Sokrates’in Savunması – 2

Sokrates’in Savunması – 2

Sokrates konuşmasının devamında yeni suçlamalara karşı savunmasına geçer. Sokrates’in Savunması müthiş diyaloglara devam edecek ve Atinalıları etkileyecektir. Bu sefer Sokrates’i şikâyet eden isim Meletos olmuştur. Meletos’un mahkemeye sunduğu yeminli iddiasında “Sokrat, gençliği yoldan çıkarmaktan, devletin inandığı Tanrıları inkâr etmekten, buna karşılık onlardan farklı olan yeni ilahlara inanmaktan suçludur!” ifadeleri yer almaktadır.

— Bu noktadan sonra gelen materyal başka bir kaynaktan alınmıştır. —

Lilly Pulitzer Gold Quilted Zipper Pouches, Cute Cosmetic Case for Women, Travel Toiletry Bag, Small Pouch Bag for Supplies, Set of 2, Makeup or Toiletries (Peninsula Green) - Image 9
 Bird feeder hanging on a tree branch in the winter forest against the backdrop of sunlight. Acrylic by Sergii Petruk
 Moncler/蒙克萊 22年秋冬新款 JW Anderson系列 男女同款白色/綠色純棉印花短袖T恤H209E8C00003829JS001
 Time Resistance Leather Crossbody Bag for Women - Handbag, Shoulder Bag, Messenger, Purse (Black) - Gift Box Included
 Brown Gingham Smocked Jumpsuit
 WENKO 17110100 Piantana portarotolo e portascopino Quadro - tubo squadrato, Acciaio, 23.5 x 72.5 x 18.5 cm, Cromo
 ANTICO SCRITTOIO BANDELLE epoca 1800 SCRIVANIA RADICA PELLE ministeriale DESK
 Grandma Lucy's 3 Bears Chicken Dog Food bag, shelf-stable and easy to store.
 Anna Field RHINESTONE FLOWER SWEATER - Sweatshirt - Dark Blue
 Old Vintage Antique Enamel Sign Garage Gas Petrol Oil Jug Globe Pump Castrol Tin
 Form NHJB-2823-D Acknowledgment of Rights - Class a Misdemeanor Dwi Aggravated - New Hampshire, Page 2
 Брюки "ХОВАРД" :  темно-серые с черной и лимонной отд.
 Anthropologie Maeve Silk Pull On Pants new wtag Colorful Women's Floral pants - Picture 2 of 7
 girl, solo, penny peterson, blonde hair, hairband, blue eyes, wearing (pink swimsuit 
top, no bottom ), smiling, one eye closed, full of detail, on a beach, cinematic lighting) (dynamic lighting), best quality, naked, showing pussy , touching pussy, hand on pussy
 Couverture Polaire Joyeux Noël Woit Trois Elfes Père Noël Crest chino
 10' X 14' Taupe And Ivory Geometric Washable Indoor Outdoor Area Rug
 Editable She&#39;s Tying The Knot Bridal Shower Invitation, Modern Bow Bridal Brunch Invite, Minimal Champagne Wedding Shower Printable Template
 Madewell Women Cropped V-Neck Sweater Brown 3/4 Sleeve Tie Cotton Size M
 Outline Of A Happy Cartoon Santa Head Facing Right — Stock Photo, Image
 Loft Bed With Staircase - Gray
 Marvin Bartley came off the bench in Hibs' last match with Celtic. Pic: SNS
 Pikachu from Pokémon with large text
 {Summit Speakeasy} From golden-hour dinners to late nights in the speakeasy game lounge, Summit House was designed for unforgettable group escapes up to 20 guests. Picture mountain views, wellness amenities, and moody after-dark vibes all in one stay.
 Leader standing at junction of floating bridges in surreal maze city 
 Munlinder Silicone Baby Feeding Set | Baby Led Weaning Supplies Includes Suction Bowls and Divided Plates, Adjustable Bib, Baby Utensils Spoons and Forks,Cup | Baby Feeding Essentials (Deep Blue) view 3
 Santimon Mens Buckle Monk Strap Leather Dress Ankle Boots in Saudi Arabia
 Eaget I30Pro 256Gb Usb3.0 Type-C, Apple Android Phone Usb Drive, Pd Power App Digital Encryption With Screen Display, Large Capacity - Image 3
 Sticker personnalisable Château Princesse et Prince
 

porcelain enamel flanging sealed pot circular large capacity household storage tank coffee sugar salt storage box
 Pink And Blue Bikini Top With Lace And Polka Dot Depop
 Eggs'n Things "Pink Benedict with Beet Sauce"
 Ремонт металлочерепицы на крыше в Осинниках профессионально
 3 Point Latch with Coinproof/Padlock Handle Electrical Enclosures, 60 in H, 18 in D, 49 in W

Yapılan her suçlamaya karşı detaylı açıklamalar sunan ve tek tek inceleyen Sokrat, savunmasına Meletos ile diyaloguyla devam eder ve Sokrates’in Savunması gençleri yoldan çıkarttığıyla ilgili suçlamalarla sürer:

“Sokrates: Gel buraya da bana cevap ver Meletos! Sen gençlerin mümkün olduğu kadar en iyi şekilde eğitim almaları ve yetiştirilmelerinin son derece önemli olduğuna inanmıyor musun?

Meletos: İnanıyorum.

Sokrates: Öyleyse, şimdi burada bulunanlara, gençleri daha iyi eğitebilecek kişinin kim olduğunu söyle! …

Meletos: …

Sokrates: Ne oldu? Susuyor musun Meletos? Ne diyeceğini bilemiyor musun? Sence bu tutumun, benim açıkça iddia ettiğim şey konusunda, yani gençliğin eğitimi konusunda senin hiçbir kaygın olmadığının yeterince onur kırıcı bir delili değil mi? Haydi yiğidim, kalk da cevap ver! Gençliğin durumunu düzeltecek olan kimlerdir?

Meletos: Kanunlardır.

Sokrates: İyi de ey yüce Meletos, benim sana sorduğum bu değil ki! Ben sana onları en iyi hale getirebilecek, senin de dediğin gibi, en başta da kanunları bilen bu adam kimdir diye soruyorum.

Meletos: İşte önündeki bu adamlar Sokrates, hâkimler!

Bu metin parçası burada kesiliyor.